Wednesday, November 25, 2009

Getting More Minorities To Attend Our Service Academies

This shouldn't surprise me, given the American Left's disdain for the US military:

High school students applying to the academies must be nominated by a member of Congress or another high-ranking federal official. Congressional nominations account for about 75 percent of all students at the academies.

Academy records obtained by the AP through the Freedom of Information Act show that lawmakers in roughly half of the 435 House districts nominated more than 100 students each during the five-year period.

But Rep. Nydia Velazquez of New York City, chairwoman of the Congressional Hispanic Caucus, nominated only four students, the lowest among House members who served the entire five-year period.
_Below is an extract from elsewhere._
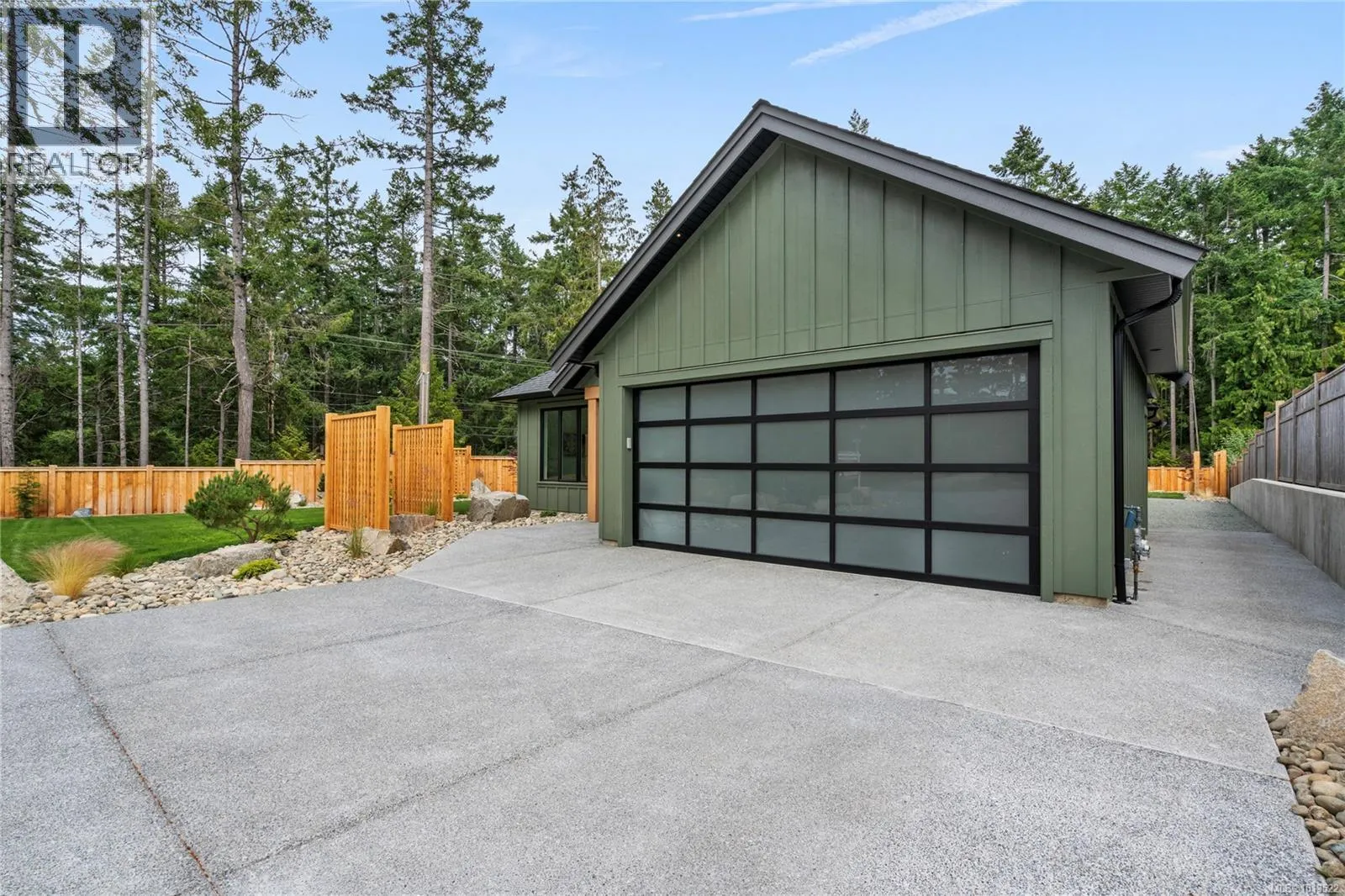 504 Juniper Dr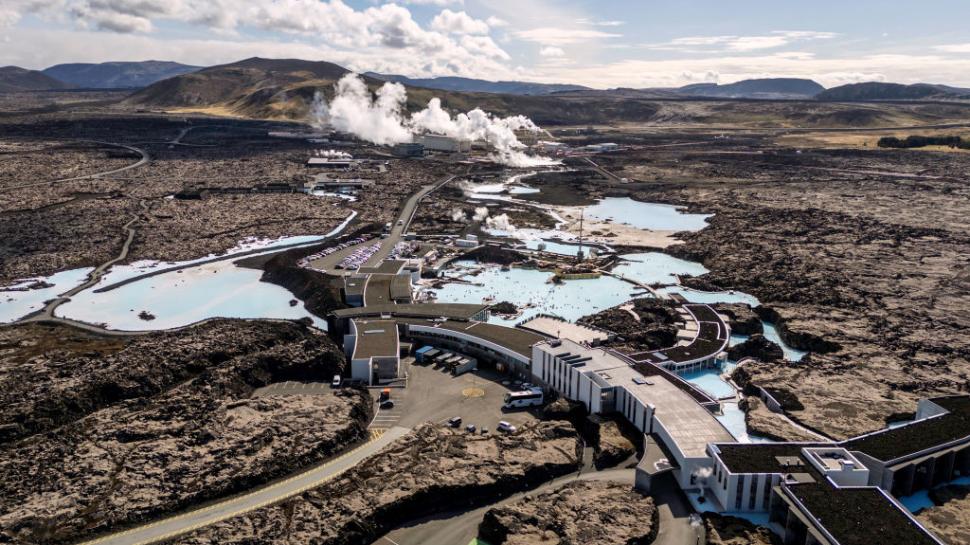 NASA a surprins imagini dramatice cu lava care curge lângă Laguna Albastră din Islanda. Erupția vulcanică a închis stațiunea celebră 938395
Rep. Charles Rangel, whose New York City district includes Harlem, was second-lowest, with eight nominations. And House Speaker Nancy Pelosi, whose San Francisco district is 29 percent Asian, was also near the bottom, with 19.

In fact, the bottom 20 House members were all from districts where whites make up less than a majority.

I guess it's more fun to keep minorities "in their place", reliant on and subservient to their Democratic government masters, than it is to nominate them to a service academy at which they might excel in a meritocracy.


SomeoneElse said...

If you have to be nominated by a congressman, then that by definition is not a meritocracy. A meritocracy would be done on an objective set of criteria without the patronage inherent in being nominated by a congressman.

Darren said...

While I can see a small kernel of truth in what you state, you're somewhat off base. The idea of a Congressional nomination is to ensure that people from all over the country are nominated. Then, once they're nominated, they go into an applicant pool and the Academies then choose those to whom they're going to offer an appointment. There is a difference between a nomination and an appointment; the former is only the first step towards the latter. The idea of Congressional patronage in this case is quite a stretch.